1. Create an account
Sign up with Google or GitHub. You'll land on your Dashboard immediately.
2. Describe your environment
Use the Environment Builder to describe what you need in plain English. The AI Architect Agent generates Gymnasium-compatible code, validates it with 8 automated tests, and lets you iterate through chat. AI smart suggestions help you refine.
3. Train an agent
Choose an algorithm (PPO, SAC, DQN), configure hyperparameters, and hit train. Use Continue, Fine-Tune, or Curriculum modes to improve your agent. Watch live progress with real-time reward curves.
4. Run research (optional)
Use the Research Lab to formulate a hypothesis, run real experiments, and generate a complete academic paper with inline training figures — downloadable as PDF.
Authentication
All API requests require an API key passed via the X-API-Key header. You can create and manage keys from the Dashboard → Settings page.
curl -H "X-API-Key: sk-your-key" \
https://kualia.ai/api/rlforge/catalog| Parameter | Type | Required | Description |
|---|---|---|---|
| X-API-Key | string | Yes | Your API key from the dashboard settings page. |
Security: Never commit your API key to version control.

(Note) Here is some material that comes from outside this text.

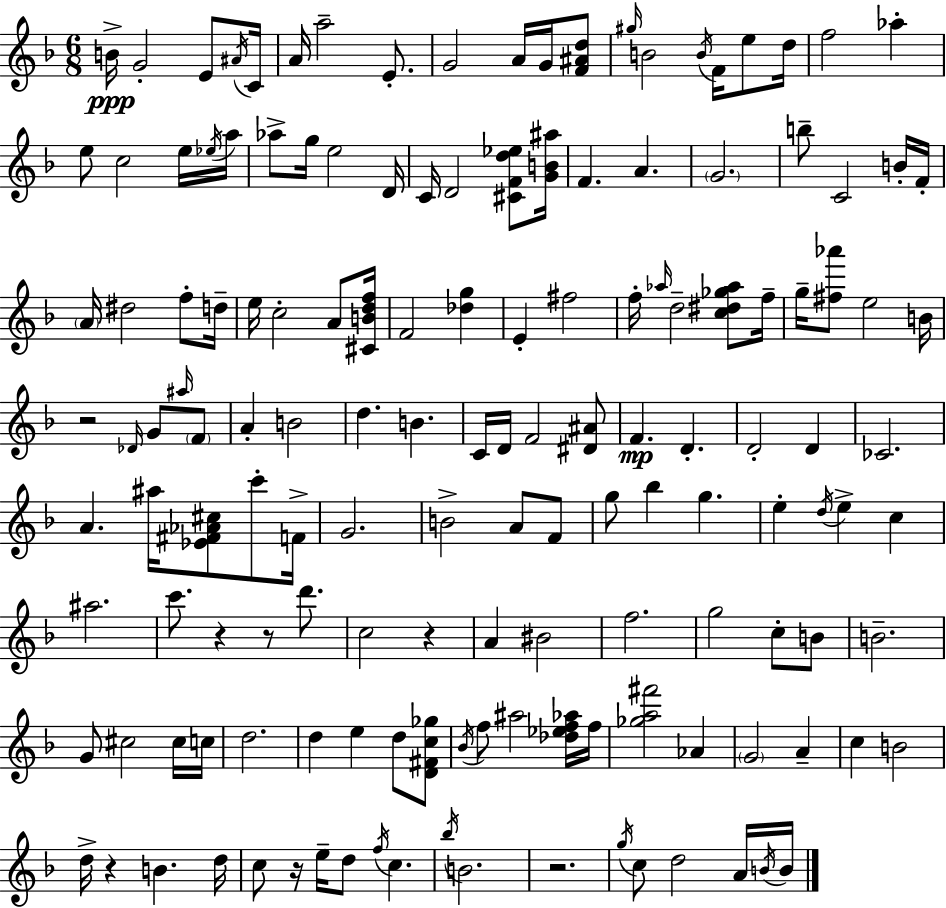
B4/s G4/h E4/e A#4/s C4/s A4/s A5/h E4/e. G4/h A4/s G4/s [F4,A#4,D5]/e G#5/s B4/h B4/s F4/s E5/e D5/s F5/h Ab5/q E5/e C5/h E5/s Eb5/s A5/s Ab5/e G5/s E5/h D4/s C4/s D4/h [C#4,F4,D5,Eb5]/e [G4,B4,A#5]/s F4/q. A4/q. G4/h. B5/e C4/h B4/s F4/s A4/s D#5/h F5/e D5/s E5/s C5/h A4/e [C#4,B4,D5,F5]/s F4/h [Db5,G5]/q E4/q F#5/h F5/s Ab5/s D5/h [C5,D#5,Gb5,Ab5]/e F5/s G5/s [F#5,Ab6]/e E5/h B4/s R/h Db4/s G4/e A#5/s F4/e A4/q B4/h D5/q. B4/q. C4/s D4/s F4/h [D#4,A#4]/e F4/q. D4/q. D4/h D4/q CES4/h. A4/q. A#5/s [Eb4,F#4,Ab4,C#5]/e C6/e F4/s G4/h. B4/h A4/e F4/e G5/e Bb5/q G5/q. E5/q D5/s E5/q C5/q A#5/h. C6/e. R/q R/e D6/e. C5/h R/q A4/q BIS4/h F5/h. G5/h C5/e B4/e B4/h. G4/e C#5/h C#5/s C5/s D5/h. D5/q E5/q D5/e [D4,F#4,C5,Gb5]/e Bb4/s F5/e A#5/h [Db5,Eb5,F5,Ab5]/s F5/s [Gb5,A5,F#6]/h Ab4/q G4/h A4/q C5/q B4/h D5/s R/q B4/q. D5/s C5/e R/s E5/s D5/e F5/s C5/q. Bb5/s B4/h. R/h. G5/s C5/e D5/h A4/s B4/s B4/s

Use environment variables or a secrets manager in production.
Environment Builder — Overview
The Environment Builder is a conversational interface that lets you create, modify, and refine Gymnasium-compatible RL environments without writing code manually. It combines an AI code generation backend with a live preview of the environment code.
Every environment generated through kualia follows the standard Gymnasium interface — reset(), step(action), render() — so it is compatible with every major RL library (Stable-Baselines3, RLlib, CleanRL, etc.).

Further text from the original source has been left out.